Unveiled at the show was Dell Apex Cloud Platforms for Microsoft, Red Hat and VMware. Each is built to drive horizontal consistency across the environment with common hardware platforms built on PowerEdge technology, common software built on PowerFlex technology, and common automated management and orchestration for that entire stack from the firmware up to the cloud operating system.

Also introduced was Dell ApexBlock Storage for AWS and Dell Apex Block Storage for Microsoft Azure. These were discussed at the show last year under the code name “Project Alpine.” Each gives customers 300 percent better performance per dollar through its linear scalability and performance.

“The architecture itself provides multi-availability-zone durability so you can truly have that resilience that you’re used to in the data center and bring that to the cloud,” said Dell Technologies Vice President of Product Management Caitlyn Gordon. “Ultimately, that allows you to bring workloads you never could have before from the data center to the public cloud.”

Dell Technologies Co-COO Chuck Whitten said Dell’s “ground to cloud” capabilities extend advanced storage software out to the public clouds, while Dell’s “cloud to ground” products can return that cloud experience to the data centers.

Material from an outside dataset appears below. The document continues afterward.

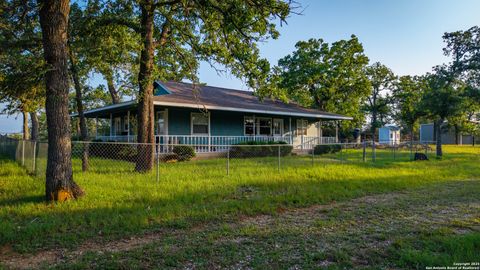 7417 Nockenut Seguin TX 78155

“True multi-cloud by design requires something easy to say and very hard to do: the freedom to run workloads wherever your business needs dictate, unconstrained by technology,” he said. “Running the right workloads in the right environment, giving developers access to the innovations across the cloud ecosystem—we are significantly expanding from where we have been and officially can say that we are now the world’s most comprehensive as-a-service and multi-cloud portfolio that spans from the data center to the public cloud and now to client devices.”

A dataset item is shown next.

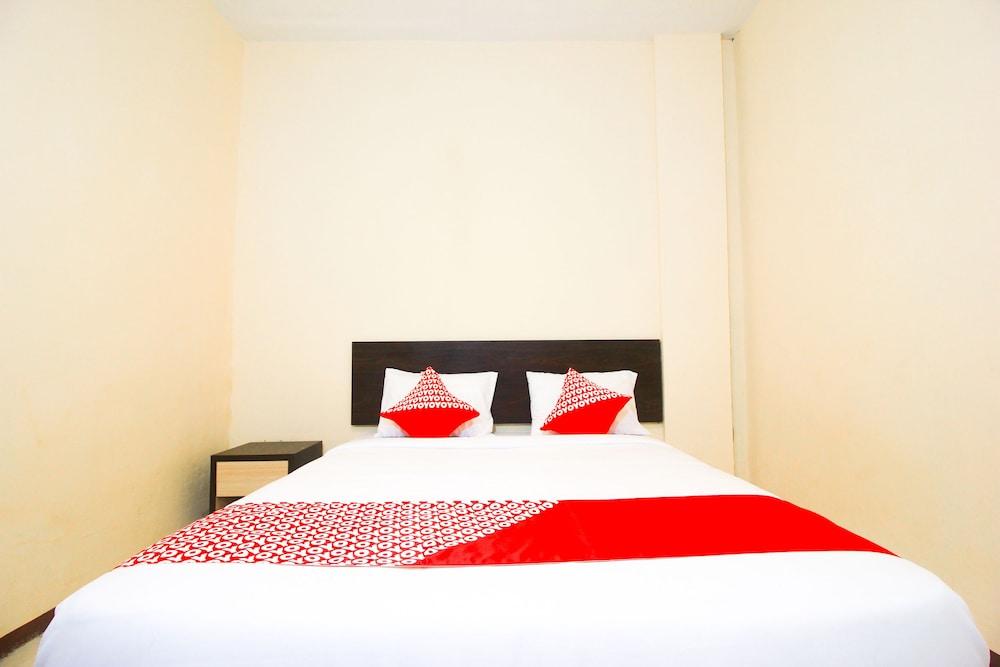 OYO 1025 Hotel Intan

The storage products give partners a simple way to manage highly complex infrastructure tasks such as setting up hybrid cloud architectures and migrating on-premises workloads to the cloud, according to Rick Gouin, CTO of Winslow Technology Group, a Dell Platinum Partner based in Boston.

“If we wanted to replicate that environment into AWS we might use AWS DRS. Then if we wanted to switch that from AWS to Azure we would then have to use Azure’s tooling. What Dell is giving us here with Project Alpine are endpoints in the cloud. So that way we are replicating from Dell device to virtual Dell device. Now I can move that between clouds and it doesn’t change.”

When he described the products to reporters after the keynote, Dell said much of what the company is doing with Apex is “industrializing” its managed services to be deployed with “enormous rapidity and efficiency with customers of all types.”

Whitten summarized the theme of Dell’s Apex offerings with four questions: “Would you like to buy your infrastructure? Would you like to subscribe to your infrastructure? Would you like to subscribe to your infrastructure with layers of managed services either through us or through a partner? And would you like all of that in a modern cloud experience?”

Josh Lee, CTO at VirtuIT, a Nanuet, N.Y.-based Dell Platiumn Partner, said he sees the ease of relocating workloads as returning power to the end user when it comes to selecting the best environment from which to run their organization’s data. That eliminates a pain point.

He said while he would like to better understand where the partner fits into that relationship, there are numerous partner-facing benefits to what he has seen so far.

“If this really has a good control plane where you can move workloads, that’s going to be something that a lot of our customers would want to talk about because most of them are in at least two public clouds,” Lee said. “Even people who want to repatriate. It can just be a pain to move it. You have to have the expertise and tools. And you may have to have the expertise and tools for where you are leaving and where you are going to make it work right.”